WHAT NEEDS TO BE DONE: Look through the material below and copy exactly the lines from the line with "Allied fleet.jpg" to the line with "139 Baird Dr, Dubbo NSW 2830", those two lines included.

RECORDS FOR THIS EXERCISE:
::::
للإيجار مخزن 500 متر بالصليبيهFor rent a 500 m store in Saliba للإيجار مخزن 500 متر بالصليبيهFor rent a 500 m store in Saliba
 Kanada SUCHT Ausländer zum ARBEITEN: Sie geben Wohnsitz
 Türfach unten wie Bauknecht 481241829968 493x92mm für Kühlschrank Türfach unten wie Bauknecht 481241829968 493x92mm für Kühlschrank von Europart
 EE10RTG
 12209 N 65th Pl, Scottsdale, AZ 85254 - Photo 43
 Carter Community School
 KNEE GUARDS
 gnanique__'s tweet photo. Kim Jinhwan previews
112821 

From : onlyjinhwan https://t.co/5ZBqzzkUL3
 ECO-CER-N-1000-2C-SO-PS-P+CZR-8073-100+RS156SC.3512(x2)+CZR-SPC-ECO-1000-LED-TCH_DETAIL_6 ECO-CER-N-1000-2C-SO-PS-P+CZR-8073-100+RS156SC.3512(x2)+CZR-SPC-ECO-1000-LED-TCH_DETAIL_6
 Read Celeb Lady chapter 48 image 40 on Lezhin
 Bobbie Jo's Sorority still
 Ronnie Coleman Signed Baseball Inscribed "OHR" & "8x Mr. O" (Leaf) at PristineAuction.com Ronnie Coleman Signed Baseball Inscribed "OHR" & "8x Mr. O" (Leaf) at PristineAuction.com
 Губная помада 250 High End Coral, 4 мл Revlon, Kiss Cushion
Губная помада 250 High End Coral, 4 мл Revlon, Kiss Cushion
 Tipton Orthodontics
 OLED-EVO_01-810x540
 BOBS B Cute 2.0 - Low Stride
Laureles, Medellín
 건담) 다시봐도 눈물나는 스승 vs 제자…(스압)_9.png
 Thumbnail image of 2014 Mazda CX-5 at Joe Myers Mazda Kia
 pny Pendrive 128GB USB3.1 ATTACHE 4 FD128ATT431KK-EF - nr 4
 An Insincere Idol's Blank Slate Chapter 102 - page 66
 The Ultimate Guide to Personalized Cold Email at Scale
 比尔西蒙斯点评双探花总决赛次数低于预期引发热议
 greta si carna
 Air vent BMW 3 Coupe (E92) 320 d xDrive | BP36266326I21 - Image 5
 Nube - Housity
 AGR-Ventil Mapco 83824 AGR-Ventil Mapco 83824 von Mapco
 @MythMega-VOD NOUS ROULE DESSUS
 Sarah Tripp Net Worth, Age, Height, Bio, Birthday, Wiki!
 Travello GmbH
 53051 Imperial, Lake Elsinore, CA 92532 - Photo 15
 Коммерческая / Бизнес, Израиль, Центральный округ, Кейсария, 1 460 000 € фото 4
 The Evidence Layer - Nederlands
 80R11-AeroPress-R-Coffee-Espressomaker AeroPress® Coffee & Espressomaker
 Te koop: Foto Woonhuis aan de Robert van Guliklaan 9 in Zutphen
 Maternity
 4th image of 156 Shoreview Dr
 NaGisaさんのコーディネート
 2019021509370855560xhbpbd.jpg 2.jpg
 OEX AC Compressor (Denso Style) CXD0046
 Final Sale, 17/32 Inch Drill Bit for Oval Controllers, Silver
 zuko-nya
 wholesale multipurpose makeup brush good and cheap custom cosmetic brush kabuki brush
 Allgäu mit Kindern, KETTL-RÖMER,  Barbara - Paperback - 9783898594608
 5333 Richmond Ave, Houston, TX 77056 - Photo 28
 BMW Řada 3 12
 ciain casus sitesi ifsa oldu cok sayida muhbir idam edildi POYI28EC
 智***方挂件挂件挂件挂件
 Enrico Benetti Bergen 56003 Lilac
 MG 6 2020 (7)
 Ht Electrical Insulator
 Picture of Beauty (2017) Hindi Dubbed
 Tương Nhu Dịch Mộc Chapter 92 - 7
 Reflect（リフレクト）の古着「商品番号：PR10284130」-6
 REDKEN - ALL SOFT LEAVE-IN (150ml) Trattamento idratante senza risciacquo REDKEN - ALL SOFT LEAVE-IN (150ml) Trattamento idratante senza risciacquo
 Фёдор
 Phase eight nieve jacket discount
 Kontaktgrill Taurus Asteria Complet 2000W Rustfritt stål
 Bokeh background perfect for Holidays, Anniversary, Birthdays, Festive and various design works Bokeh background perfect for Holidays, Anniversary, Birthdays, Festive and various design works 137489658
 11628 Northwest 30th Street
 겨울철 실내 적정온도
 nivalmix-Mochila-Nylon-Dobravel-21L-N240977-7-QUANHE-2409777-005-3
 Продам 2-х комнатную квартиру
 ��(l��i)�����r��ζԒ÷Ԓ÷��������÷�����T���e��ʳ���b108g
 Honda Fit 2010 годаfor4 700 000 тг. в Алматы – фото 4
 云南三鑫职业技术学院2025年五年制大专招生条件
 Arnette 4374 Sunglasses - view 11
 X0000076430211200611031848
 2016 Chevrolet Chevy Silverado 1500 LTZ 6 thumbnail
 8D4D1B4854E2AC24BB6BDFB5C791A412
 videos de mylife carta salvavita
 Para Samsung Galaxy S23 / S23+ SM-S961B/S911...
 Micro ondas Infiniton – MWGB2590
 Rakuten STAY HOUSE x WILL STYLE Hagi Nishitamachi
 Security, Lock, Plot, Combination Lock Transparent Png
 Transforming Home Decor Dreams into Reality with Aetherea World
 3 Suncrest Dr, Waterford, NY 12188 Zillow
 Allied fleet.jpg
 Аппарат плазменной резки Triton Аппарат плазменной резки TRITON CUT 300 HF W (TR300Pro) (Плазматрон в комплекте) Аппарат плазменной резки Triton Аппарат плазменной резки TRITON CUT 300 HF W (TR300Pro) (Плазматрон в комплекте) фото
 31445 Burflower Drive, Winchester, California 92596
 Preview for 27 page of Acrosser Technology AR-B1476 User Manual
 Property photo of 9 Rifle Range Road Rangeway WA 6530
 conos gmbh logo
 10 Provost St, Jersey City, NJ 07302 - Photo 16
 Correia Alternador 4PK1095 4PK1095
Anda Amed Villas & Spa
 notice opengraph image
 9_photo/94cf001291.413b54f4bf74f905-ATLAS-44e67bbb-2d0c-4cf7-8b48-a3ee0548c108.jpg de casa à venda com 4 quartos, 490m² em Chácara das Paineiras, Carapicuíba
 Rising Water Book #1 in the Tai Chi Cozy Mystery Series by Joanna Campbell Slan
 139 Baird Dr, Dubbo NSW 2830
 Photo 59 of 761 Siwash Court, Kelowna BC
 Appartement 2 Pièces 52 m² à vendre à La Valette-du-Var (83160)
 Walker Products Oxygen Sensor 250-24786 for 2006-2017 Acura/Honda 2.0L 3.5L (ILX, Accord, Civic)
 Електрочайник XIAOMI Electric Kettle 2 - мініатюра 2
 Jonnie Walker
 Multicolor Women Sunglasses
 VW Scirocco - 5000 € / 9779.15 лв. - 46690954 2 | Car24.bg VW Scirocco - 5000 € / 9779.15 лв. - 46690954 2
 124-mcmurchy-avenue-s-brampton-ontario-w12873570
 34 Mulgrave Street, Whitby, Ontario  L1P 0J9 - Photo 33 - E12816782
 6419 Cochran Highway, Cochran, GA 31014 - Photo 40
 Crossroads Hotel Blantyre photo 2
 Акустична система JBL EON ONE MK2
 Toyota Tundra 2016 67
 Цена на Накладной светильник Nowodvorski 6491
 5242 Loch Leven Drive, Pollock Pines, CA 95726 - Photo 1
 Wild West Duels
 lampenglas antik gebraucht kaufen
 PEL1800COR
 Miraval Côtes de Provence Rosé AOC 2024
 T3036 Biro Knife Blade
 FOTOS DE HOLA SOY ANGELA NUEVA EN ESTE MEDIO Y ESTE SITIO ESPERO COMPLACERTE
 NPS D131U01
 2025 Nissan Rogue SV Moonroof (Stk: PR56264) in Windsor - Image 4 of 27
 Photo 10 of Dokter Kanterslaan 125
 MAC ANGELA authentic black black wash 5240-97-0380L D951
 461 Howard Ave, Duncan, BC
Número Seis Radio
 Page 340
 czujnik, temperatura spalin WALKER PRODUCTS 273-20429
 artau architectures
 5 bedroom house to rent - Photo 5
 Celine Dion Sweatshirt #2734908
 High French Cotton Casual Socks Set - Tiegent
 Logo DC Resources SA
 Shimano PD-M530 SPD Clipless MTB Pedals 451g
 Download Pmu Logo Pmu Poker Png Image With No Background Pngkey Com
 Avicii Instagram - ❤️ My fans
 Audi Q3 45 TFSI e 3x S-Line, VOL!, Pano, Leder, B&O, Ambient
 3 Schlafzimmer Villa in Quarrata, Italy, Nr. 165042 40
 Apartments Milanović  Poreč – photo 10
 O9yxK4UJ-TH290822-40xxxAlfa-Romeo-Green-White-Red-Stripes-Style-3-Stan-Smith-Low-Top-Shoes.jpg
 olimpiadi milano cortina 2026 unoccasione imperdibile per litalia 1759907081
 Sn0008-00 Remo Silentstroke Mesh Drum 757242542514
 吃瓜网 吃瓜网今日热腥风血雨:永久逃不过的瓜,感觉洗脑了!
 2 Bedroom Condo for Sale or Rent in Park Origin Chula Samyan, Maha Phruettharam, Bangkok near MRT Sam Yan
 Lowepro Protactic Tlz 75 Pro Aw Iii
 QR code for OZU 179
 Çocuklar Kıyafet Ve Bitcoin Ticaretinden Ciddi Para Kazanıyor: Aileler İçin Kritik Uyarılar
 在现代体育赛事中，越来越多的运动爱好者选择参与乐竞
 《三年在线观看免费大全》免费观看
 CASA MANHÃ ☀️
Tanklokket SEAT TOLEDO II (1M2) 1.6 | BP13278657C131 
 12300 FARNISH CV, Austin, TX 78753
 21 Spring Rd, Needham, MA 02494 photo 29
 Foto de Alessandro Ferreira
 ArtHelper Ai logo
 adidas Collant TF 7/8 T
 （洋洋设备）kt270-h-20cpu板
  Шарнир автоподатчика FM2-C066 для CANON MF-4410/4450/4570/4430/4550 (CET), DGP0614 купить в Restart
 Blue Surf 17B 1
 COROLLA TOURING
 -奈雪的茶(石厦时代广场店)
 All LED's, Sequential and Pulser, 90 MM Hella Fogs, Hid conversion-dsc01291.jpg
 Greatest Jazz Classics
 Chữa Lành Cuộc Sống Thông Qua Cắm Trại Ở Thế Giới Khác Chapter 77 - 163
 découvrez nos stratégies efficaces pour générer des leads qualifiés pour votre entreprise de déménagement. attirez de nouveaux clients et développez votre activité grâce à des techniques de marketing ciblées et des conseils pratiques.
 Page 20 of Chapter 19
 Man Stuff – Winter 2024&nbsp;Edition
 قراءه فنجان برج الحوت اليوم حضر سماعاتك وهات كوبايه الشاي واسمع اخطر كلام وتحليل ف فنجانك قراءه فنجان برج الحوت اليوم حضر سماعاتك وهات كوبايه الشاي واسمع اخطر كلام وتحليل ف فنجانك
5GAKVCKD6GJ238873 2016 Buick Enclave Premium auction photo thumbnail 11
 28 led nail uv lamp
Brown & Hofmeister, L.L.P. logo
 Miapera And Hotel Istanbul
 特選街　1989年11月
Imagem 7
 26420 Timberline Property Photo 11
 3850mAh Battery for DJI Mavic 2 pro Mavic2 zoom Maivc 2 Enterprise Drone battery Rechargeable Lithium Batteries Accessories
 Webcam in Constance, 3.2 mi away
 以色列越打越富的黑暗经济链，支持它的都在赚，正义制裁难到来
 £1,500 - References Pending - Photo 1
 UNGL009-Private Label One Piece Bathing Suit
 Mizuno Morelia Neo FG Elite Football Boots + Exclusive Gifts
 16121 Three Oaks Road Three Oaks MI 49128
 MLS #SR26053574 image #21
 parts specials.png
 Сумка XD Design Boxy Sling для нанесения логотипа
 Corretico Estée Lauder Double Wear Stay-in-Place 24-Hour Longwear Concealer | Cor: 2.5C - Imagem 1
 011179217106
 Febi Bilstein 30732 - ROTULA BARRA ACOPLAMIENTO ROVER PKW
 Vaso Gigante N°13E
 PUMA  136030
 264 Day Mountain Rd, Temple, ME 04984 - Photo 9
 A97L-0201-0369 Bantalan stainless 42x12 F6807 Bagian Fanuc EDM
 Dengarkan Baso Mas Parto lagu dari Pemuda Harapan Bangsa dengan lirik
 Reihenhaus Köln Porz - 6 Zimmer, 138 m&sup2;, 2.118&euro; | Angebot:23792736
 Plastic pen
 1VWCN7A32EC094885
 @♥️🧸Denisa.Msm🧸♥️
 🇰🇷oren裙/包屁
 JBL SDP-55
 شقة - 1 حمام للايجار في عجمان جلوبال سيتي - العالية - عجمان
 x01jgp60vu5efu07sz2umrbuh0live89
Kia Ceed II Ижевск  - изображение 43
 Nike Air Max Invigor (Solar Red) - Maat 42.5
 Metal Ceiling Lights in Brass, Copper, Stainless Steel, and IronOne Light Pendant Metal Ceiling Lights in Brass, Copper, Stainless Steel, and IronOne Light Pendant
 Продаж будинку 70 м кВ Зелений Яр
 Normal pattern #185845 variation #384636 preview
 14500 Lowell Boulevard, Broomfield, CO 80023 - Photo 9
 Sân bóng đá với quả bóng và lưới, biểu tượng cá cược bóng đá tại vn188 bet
::::
ANSWER FOR THE TASK:
 Allied fleet.jpg
 Аппарат плазменной резки Triton Аппарат плазменной резки TRITON CUT 300 HF W (TR300Pro) (Плазматрон в комплекте) Аппарат плазменной резки Triton Аппарат плазменной резки TRITON CUT 300 HF W (TR300Pro) (Плазматрон в комплекте) фото
 31445 Burflower Drive, Winchester, California 92596
 Preview for 27 page of Acrosser Technology AR-B1476 User Manual
 Property photo of 9 Rifle Range Road Rangeway WA 6530
 conos gmbh logo
 10 Provost St, Jersey City, NJ 07302 - Photo 16
 Correia Alternador 4PK1095 4PK1095
Anda Amed Villas & Spa
 notice opengraph image
 9_photo/94cf001291.413b54f4bf74f905-ATLAS-44e67bbb-2d0c-4cf7-8b48-a3ee0548c108.jpg de casa à venda com 4 quartos, 490m² em Chácara das Paineiras, Carapicuíba
 Rising Water Book #1 in the Tai Chi Cozy Mystery Series by Joanna Campbell Slan
 139 Baird Dr, Dubbo NSW 2830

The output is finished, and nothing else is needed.